**Work to complete**
Restate the full listing word for word; images stay out of it.

**Input material**
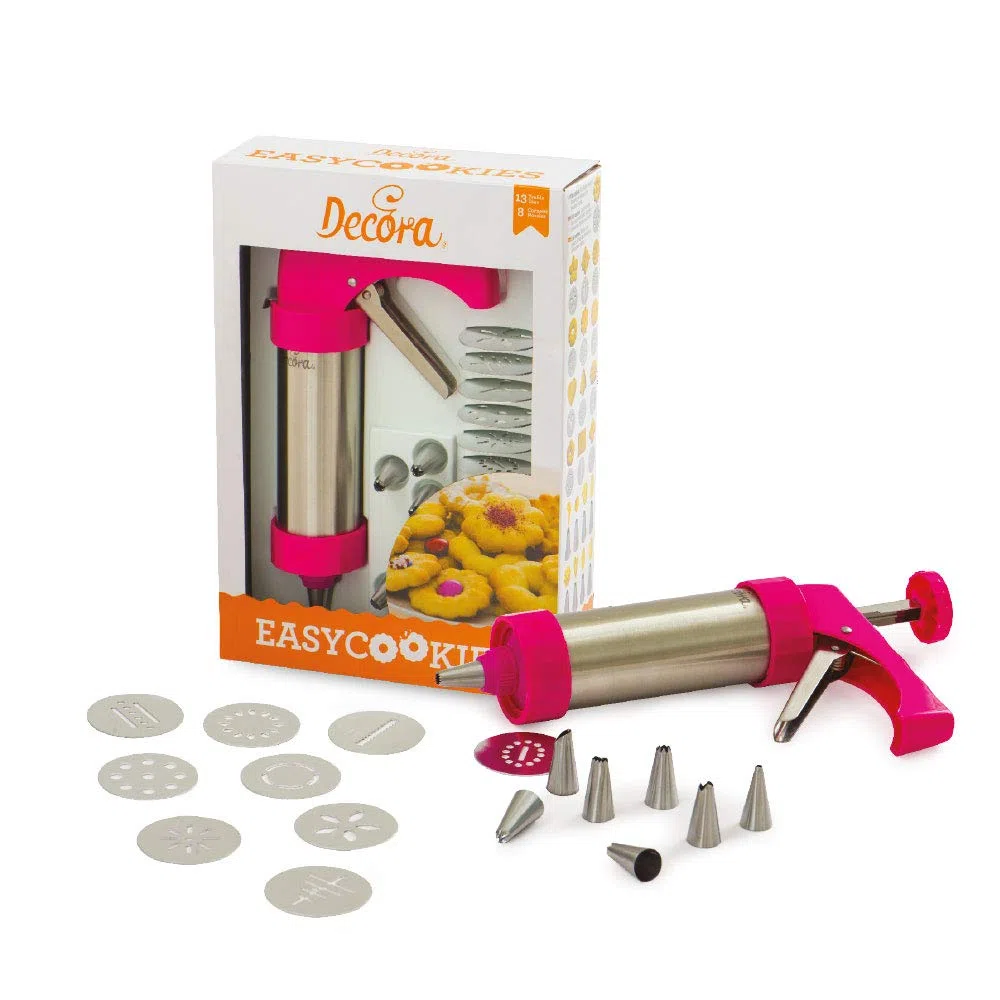 Decora 0142010 Pistola Per Biscotti Con 13 Trafile E 8 Beccucci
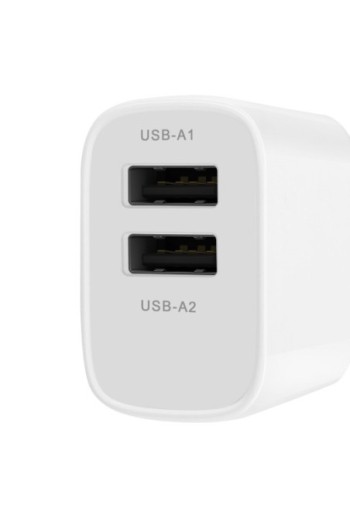Caricatore da Parete Doppio USB 10.5W - LinQ Bianco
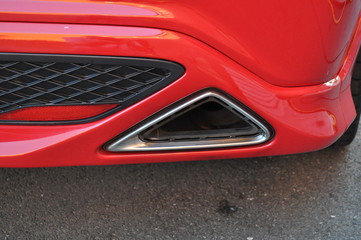 RED CAR HONDA DETAILING SHINE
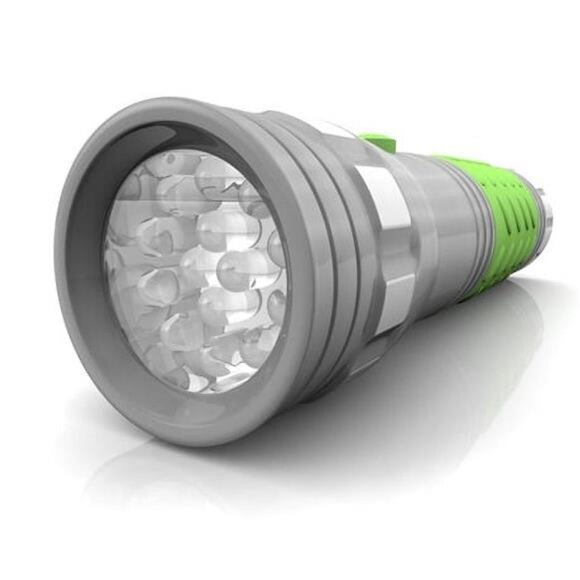 Brite Essentials 3AAA LED Glow In The Dark Flashlight - Picture 1 of 4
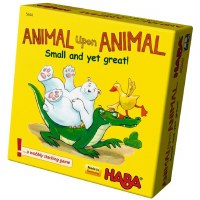 HABA TAKE ALONG GAME ANIMAL UPON ANIMAL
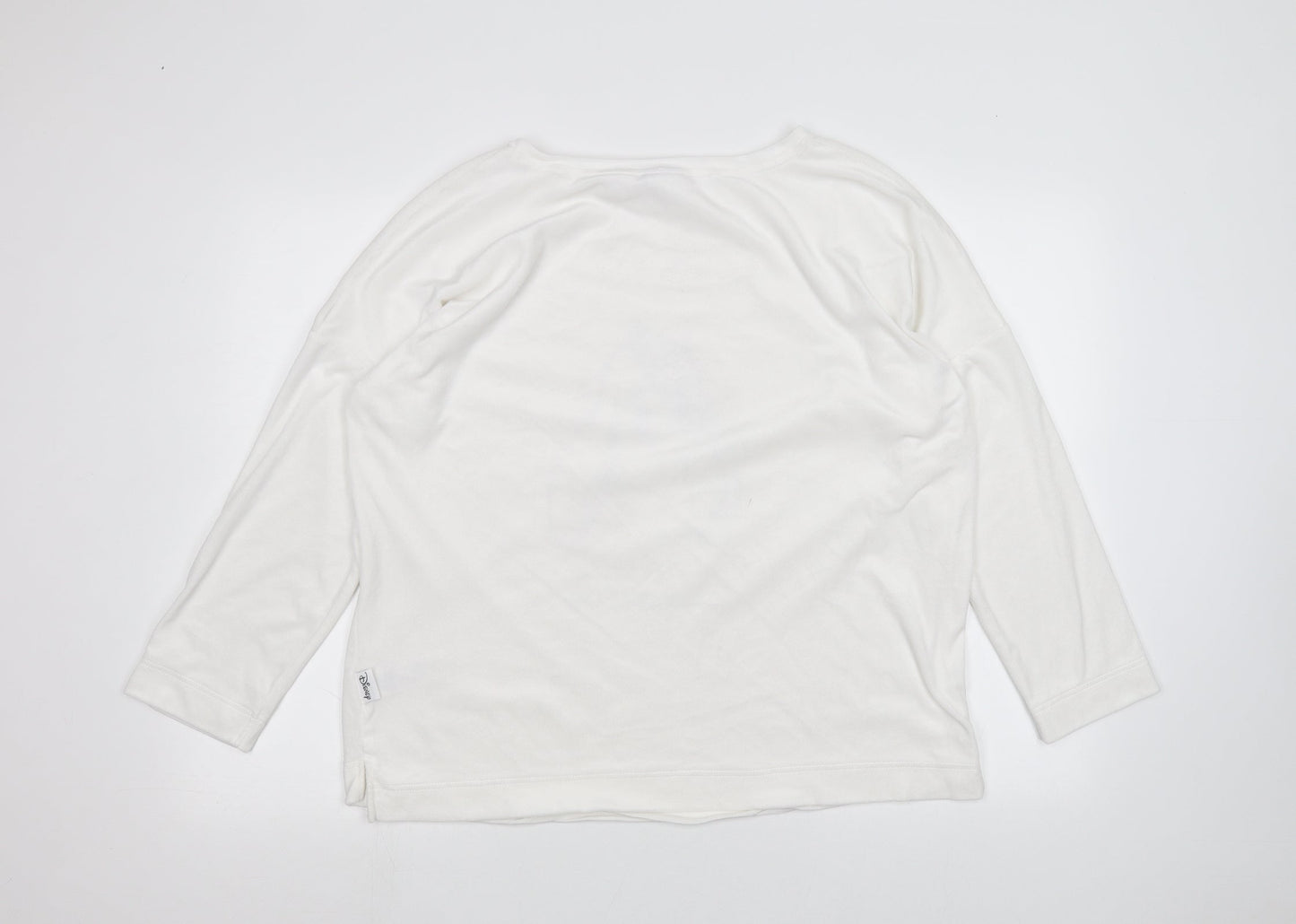Disney Womens White   Pullover Jumper Size 12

**Answer area**
 Decora 0142010 Pistola Per Biscotti Con 13 Trafile E 8 Beccucci
Caricatore da Parete Doppio USB 10.5W - LinQ Bianco
 RED CAR HONDA DETAILING SHINE
 Brite Essentials 3AAA LED Glow In The Dark Flashlight - Picture 1 of 4
 HABA TAKE ALONG GAME ANIMAL UPON ANIMAL
Disney Womens White   Pullover Jumper Size 12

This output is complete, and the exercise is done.